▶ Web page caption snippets

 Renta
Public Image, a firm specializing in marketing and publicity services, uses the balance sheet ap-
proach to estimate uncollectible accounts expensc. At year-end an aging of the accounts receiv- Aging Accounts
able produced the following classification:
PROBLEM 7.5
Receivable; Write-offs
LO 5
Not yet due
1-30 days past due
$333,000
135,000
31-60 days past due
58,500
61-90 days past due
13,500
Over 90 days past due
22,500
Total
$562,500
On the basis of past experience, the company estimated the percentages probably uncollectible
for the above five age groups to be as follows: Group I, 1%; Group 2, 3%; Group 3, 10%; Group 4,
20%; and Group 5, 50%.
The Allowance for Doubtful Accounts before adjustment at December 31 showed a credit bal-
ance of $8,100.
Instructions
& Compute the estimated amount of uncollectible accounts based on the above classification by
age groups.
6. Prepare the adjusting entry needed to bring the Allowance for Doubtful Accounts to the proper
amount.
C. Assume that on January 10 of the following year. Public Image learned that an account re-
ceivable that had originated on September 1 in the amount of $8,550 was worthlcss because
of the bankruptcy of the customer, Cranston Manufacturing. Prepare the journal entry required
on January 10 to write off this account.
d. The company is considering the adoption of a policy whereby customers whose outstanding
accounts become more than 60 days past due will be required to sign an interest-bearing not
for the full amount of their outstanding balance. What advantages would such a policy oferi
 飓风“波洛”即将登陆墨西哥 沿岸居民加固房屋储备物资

---

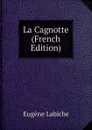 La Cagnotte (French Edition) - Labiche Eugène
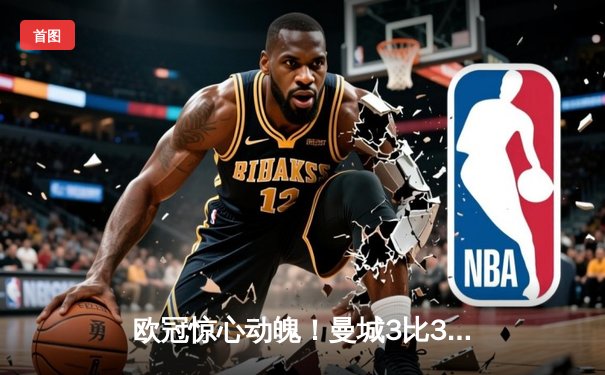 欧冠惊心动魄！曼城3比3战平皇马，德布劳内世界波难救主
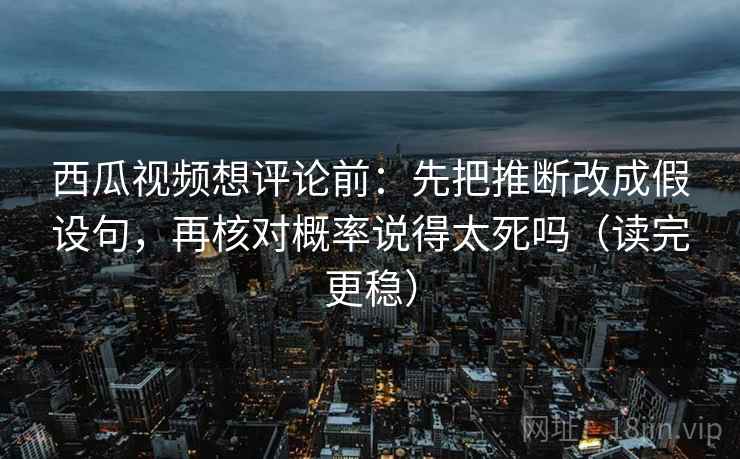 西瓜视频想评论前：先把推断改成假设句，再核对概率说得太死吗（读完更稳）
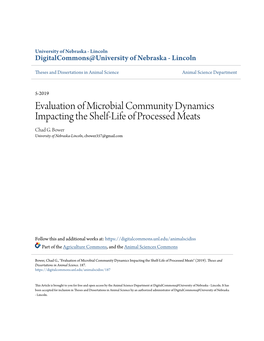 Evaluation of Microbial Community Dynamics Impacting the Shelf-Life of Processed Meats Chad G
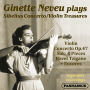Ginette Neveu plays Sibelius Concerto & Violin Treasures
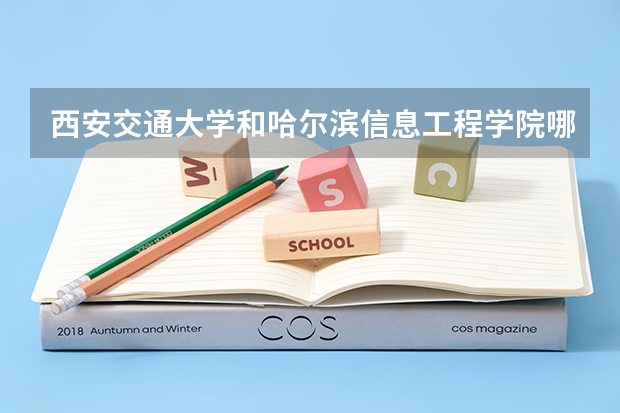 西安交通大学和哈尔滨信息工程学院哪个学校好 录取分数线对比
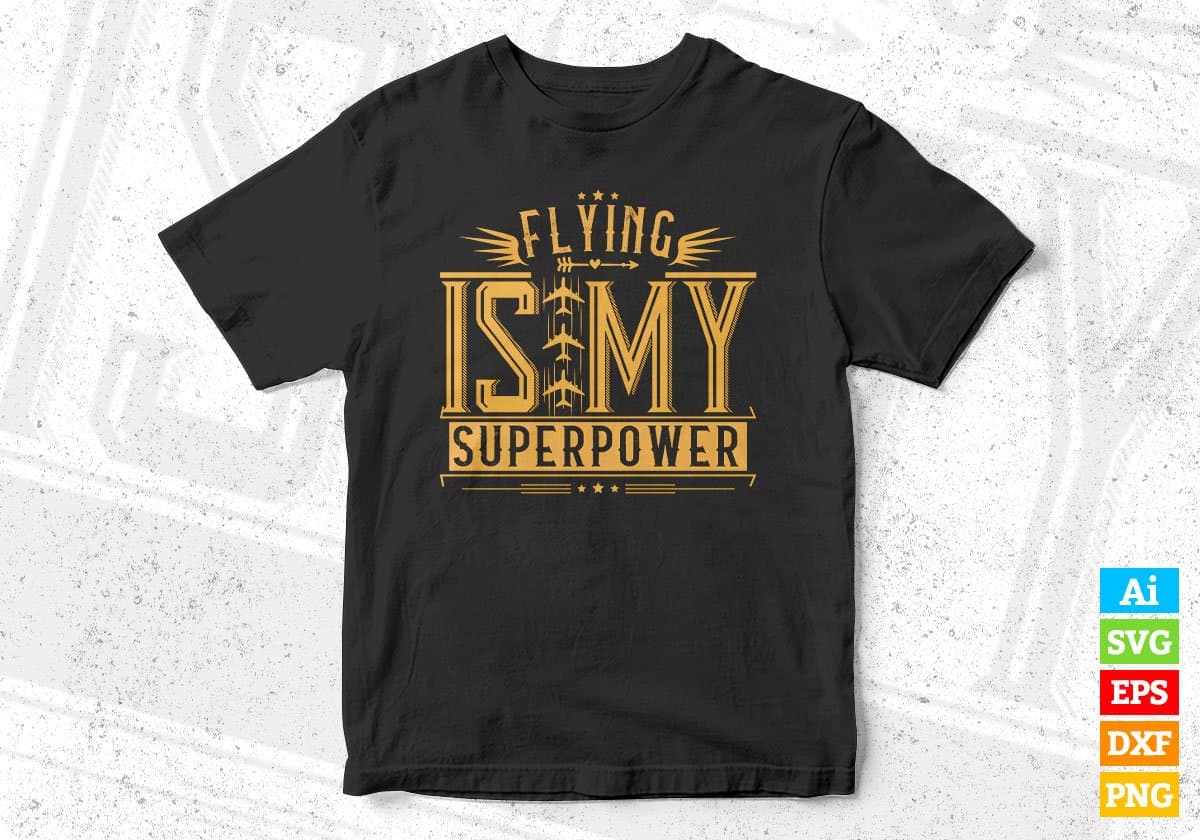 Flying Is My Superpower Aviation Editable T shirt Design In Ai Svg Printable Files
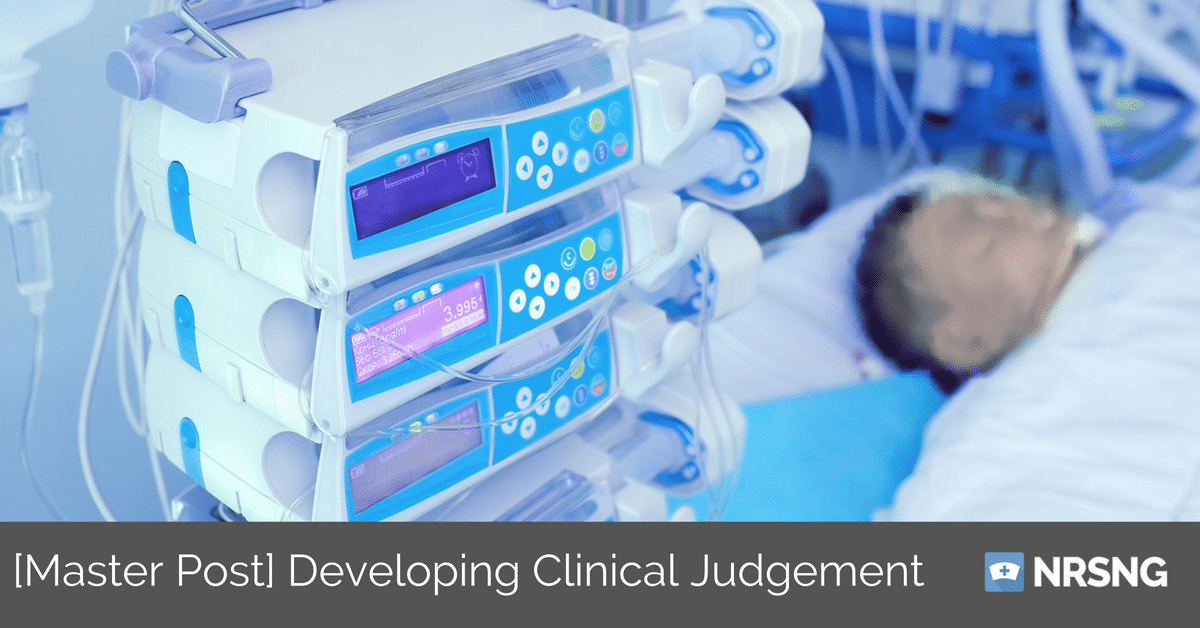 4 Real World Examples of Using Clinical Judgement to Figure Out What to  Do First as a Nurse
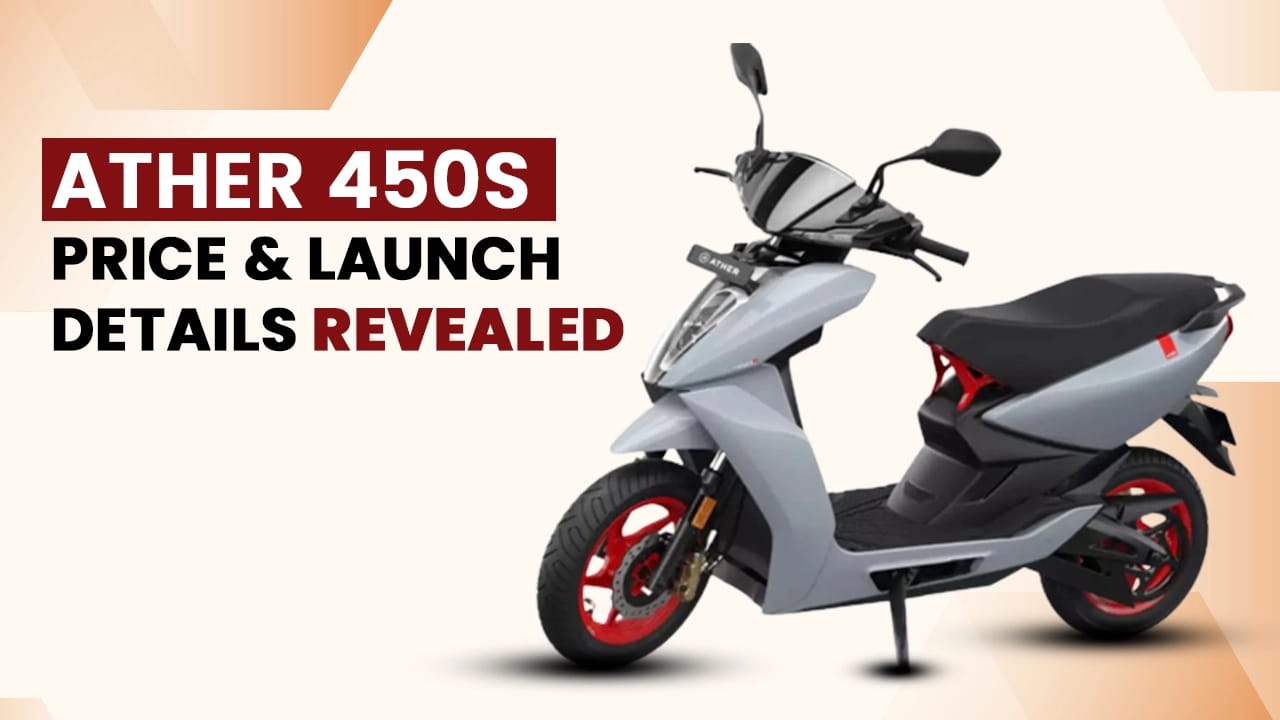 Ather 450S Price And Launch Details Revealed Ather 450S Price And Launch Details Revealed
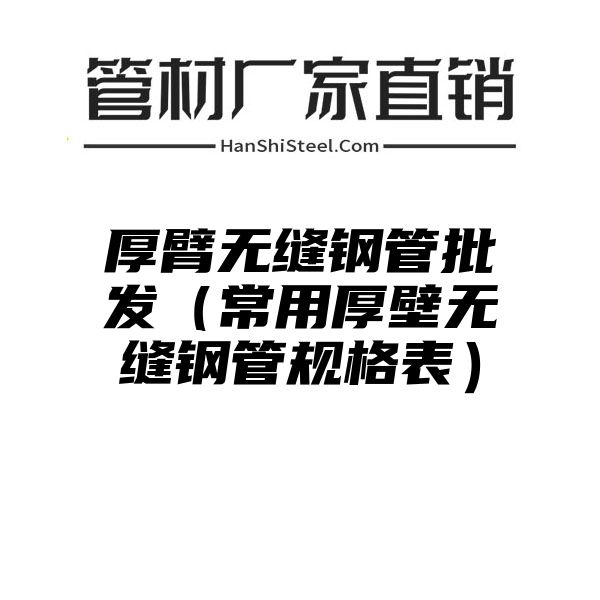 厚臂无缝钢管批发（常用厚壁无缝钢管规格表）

▶ TASK DESCRIPTION
Transcribe the records above exactly, beginning at the line that contains "1-30 days past due" and ending with the line that contains "age groups.", both included, and nothing else.

▶ EXERCISE OUTPUT
1-30 days past due
$333,000
135,000
31-60 days past due
58,500
61-90 days past due
13,500
Over 90 days past due
22,500
Total
$562,500
On the basis of past experience, the company estimated the percentages probably uncollectible
for the above five age groups to be as follows: Group I, 1%; Group 2, 3%; Group 3, 10%; Group 4,
20%; and Group 5, 50%.
The Allowance for Doubtful Accounts before adjustment at December 31 showed a credit bal-
ance of $8,100.
Instructions
& Compute the estimated amount of uncollectible accounts based on the above classification by
age groups.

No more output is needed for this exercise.